E-prints in Library and Information Science (E-LIS)
- Website type: Community of Practice
- Available in: 22 languages
- Owners: E-LIS Governance and CIEPI
- Website: http://eprints.rclis.org/
- Commercial: No
- Registration: Optional
- Launched: January 2003
- Current status: Online

= E-LIS =

International open-access repository for academic papers

Eprints in Library and Information Science (E-LIS) is an international open access repository for academic papers in Library and Information Science (LIS). Over 12,000 papers have been archived to date. It is freely accessible, aligned with the Open Access (OA) movement and is a voluntary enterprise.

== About E-LIS ==

E-LIS is the largest international open repository in the field of Library and Information Science. It is freely accessible and users are able to search, access, and archive full-text documents

=== Objectives ===

E-LIS is based on the philosophy and principles of open source software whereby people from all over the world co-operate in building freely-licensed software. Its aim is to further the open access philosophy by making full text Library and Information Science documents visible, accessible, harvestable, searchable, and usable by any potential user with access to the Internet.

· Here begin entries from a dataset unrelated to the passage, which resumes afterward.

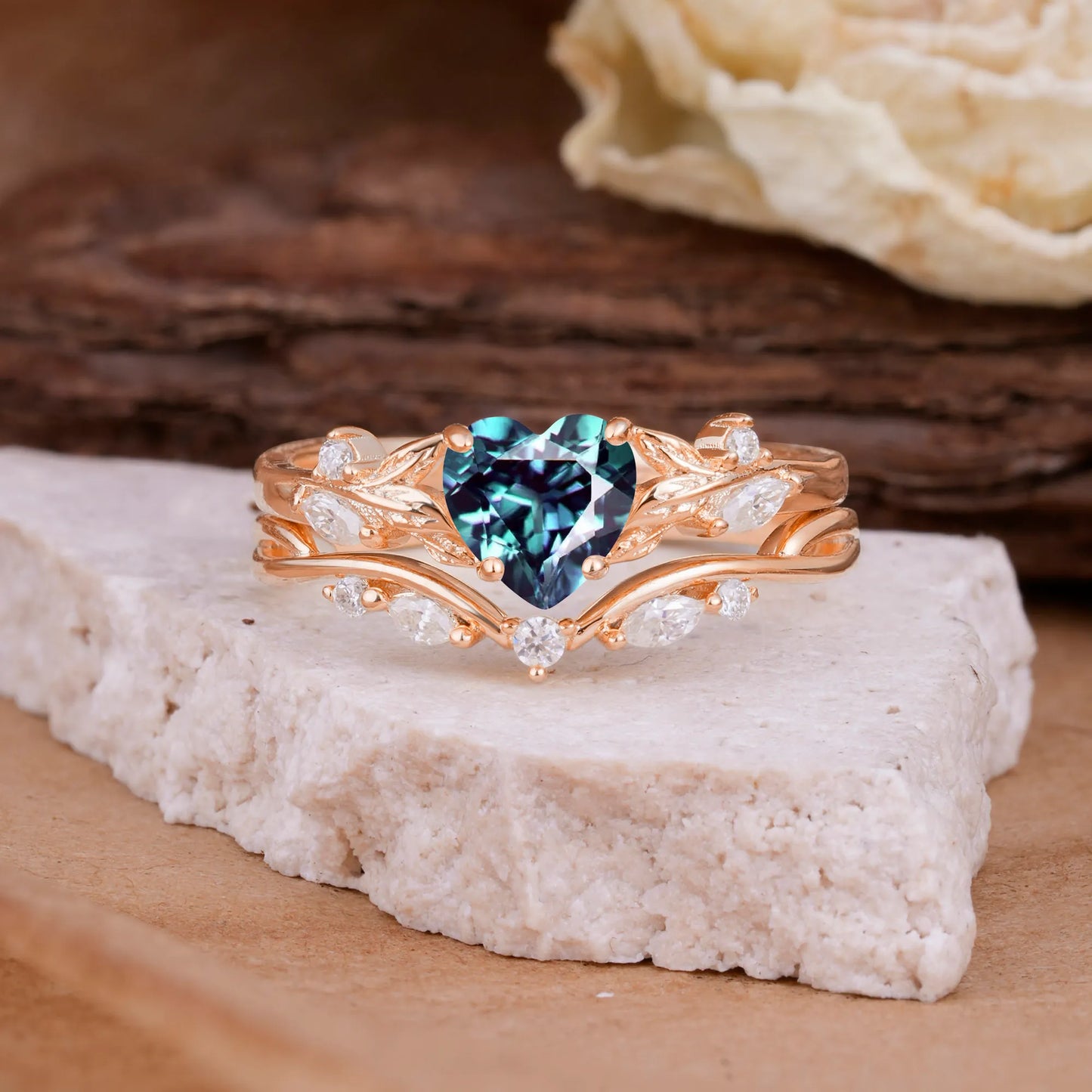 4-Prong Nature-Inspired Heart-Cut Alexandrite Engagement Ring Set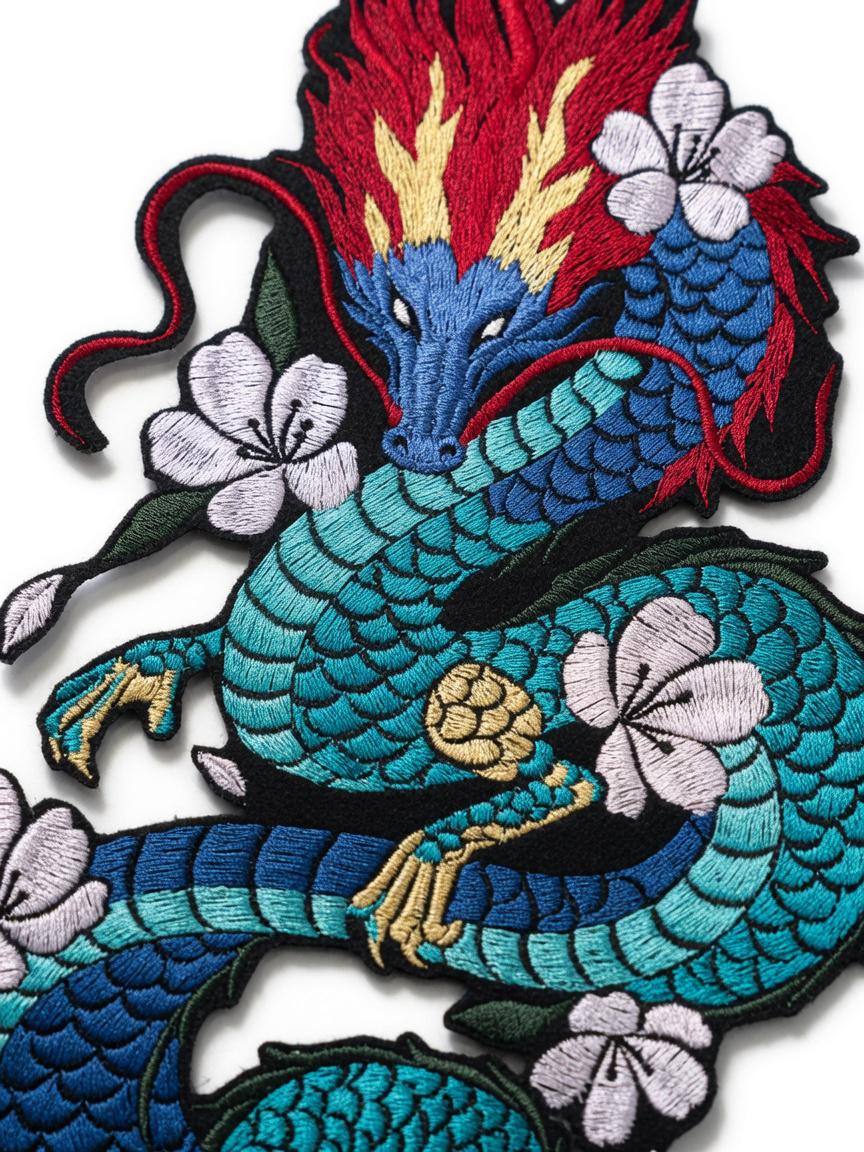 Custom Large Chinese Dragon Embroidery Patch Blue Dragon with Red Mane Floral Applique Traditional Cultural Gift Made to Order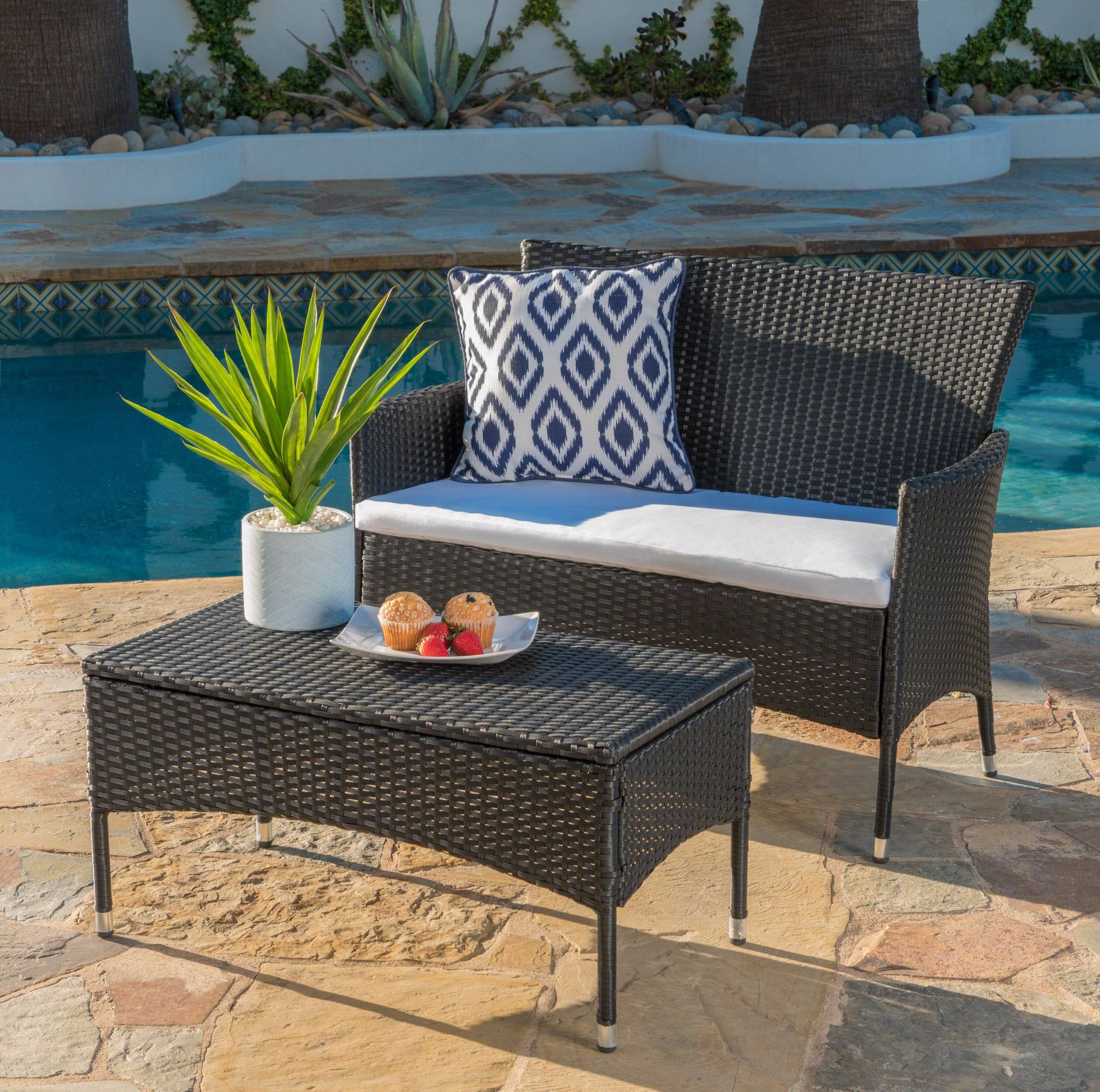 Montague Outdoor Wicker Loveseat and Coffee Table Set - Black / White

The objectives of the E-LIS are:

- To improve knowledge of the building and management of open archives working practically in the field within the framework of Open Digital Libraries;
- Not only to promote open archives in various disciplinary environments, but also to create a valid and credible model in the Library and Information Science discipline for the building of a global LIS archive;
- To establish a base for communal work between librarians information technology professionals, and to enhance the Open Access movement.

=== Governance ===

E-LIS is established, managed and maintained by an international team of 73 librarians and information scientists from 47 countries and support for 22 languages. The development of an international Library and Information Science network has been stimulated by the extension of the open access concept to LIS works and facilitated by the dissemination of material within the LIS community.

The editorial work is performed under the management of an executive board that drives the policies, alliances, new actions, collaborations and any topic that is of interest to E-LIS. The executive board is made up of two chief executives, two representatives of the editorial team, two representatives of CIEPI - International Centre for Research in Information Strategy and Development -which is the association created by E-LIS members for representing institutionally the E-LIS interest as a legal entity - and two technical representatives that have deep technical experience on document repositories. In addition to this structure, the advisory board appointed to advise the executive board is formed by institutions and people that support E-LIS.

=== Users ===

There are currently 8,000 authors represented in E-LIS. It is possible to deposit works in any language, although abstracts and keywords must be included in English, in addition to abstracts and keywords in the original language of the document. In a broad sense, any document related to LIS that is electronically available, can be submitted to the archive in PDF or HTML. The types of user are: librarians, academics, archivists, information management specialists from: academic libraries, archives, government libraries, health libraries, information centres, museums, national libraries, private libraries, public libraries, school libraries or universities.

E-LIS provides features for editors and users including automatic alerts for editors, full metadata display of metadata records, full-text search, browsing by user, a counter in the homepage as well as statistics.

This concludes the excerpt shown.